=== Assignment ===
Please make an exact copy of the listing, without the pictures.

=== Information provided ===
[Start of section]
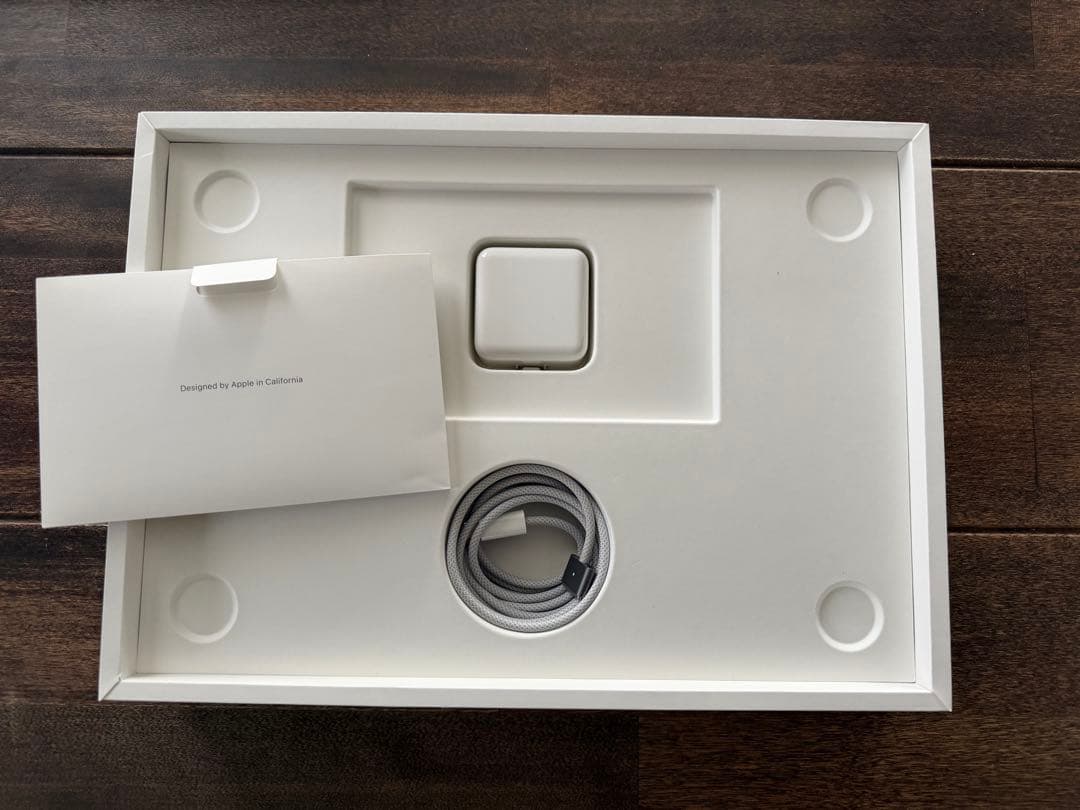 MacBook Air M3 13インチ 512GB メモリ16GB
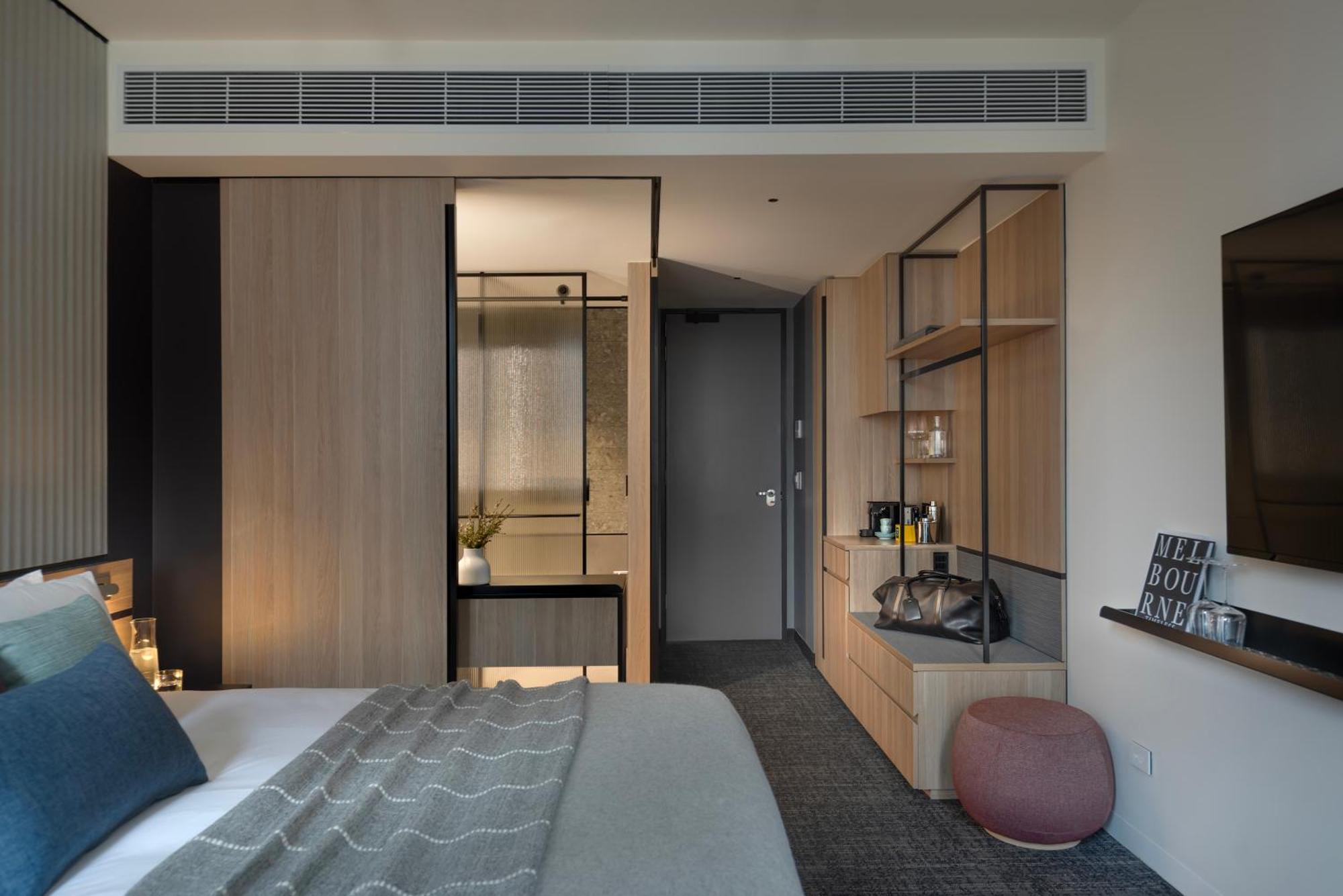 The Howey Hotel 4*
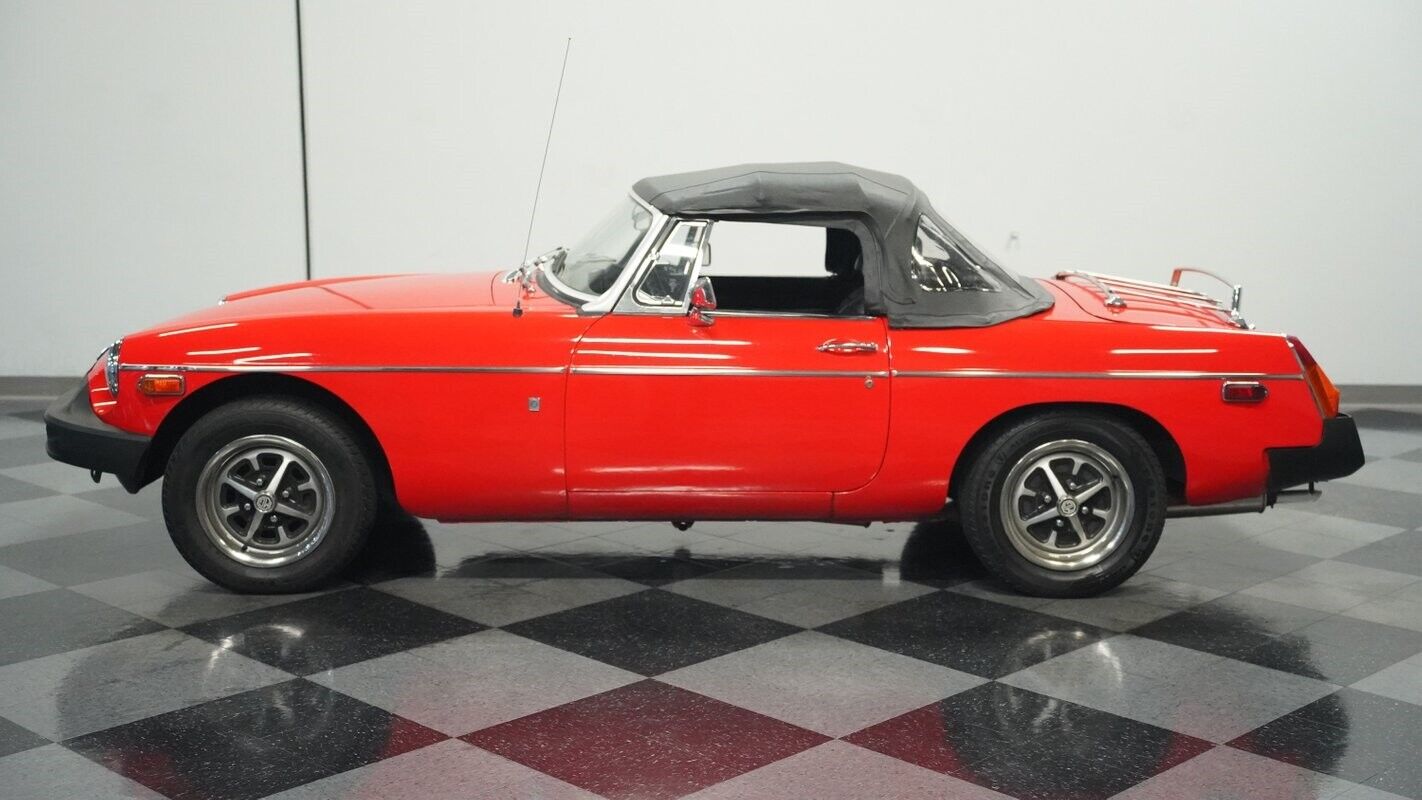 MG-MGB-Cabriolet-1975-Red-Black-140800-2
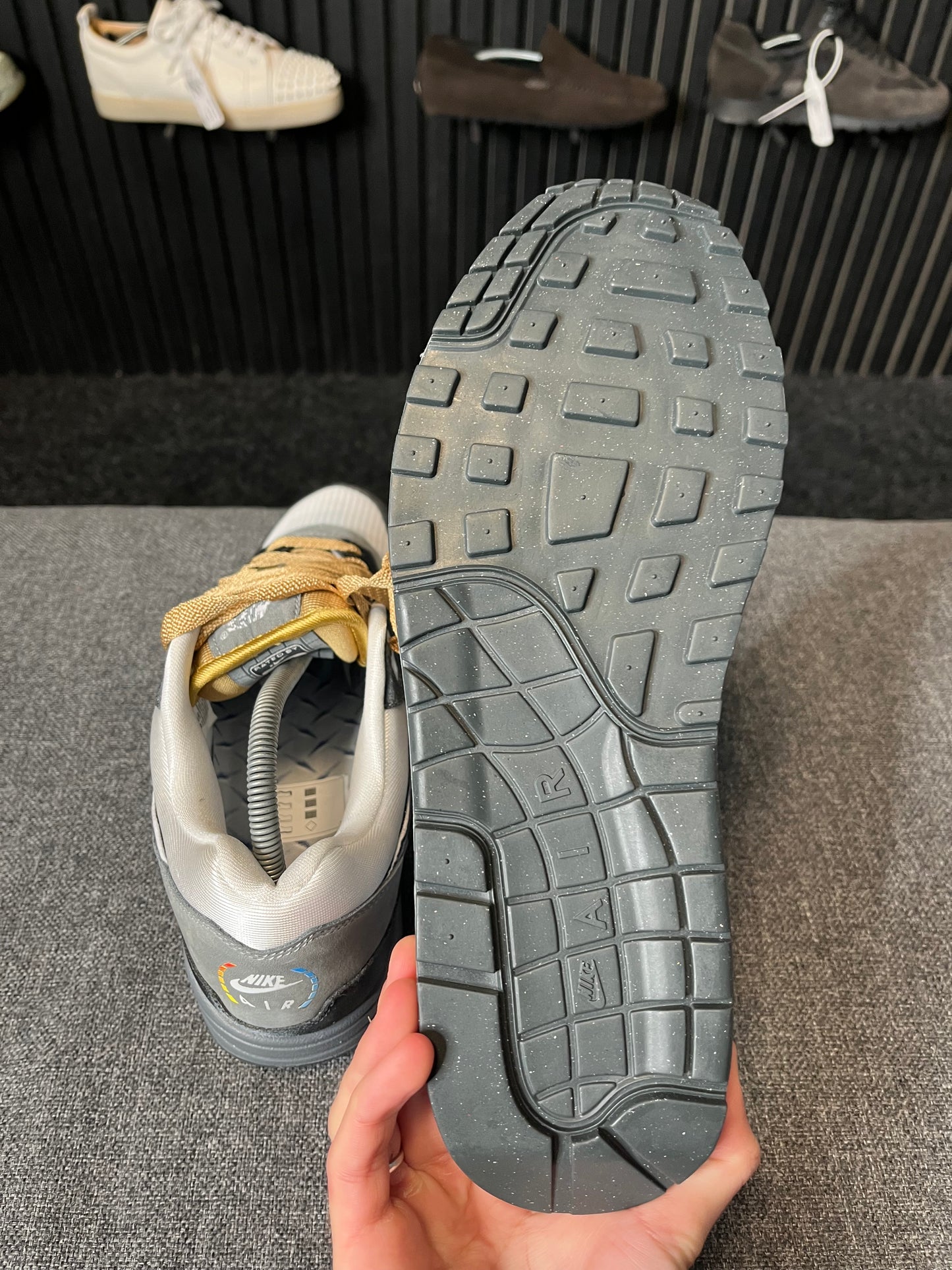 Nike Air Max 1 Low Poly UK 9 2779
[End of section]
=== Reply ===
 MacBook Air M3 13インチ 512GB メモリ16GB
 The Howey Hotel 4*
 MG-MGB-Cabriolet-1975-Red-Black-140800-2
 Nike Air Max 1 Low Poly UK 9 2779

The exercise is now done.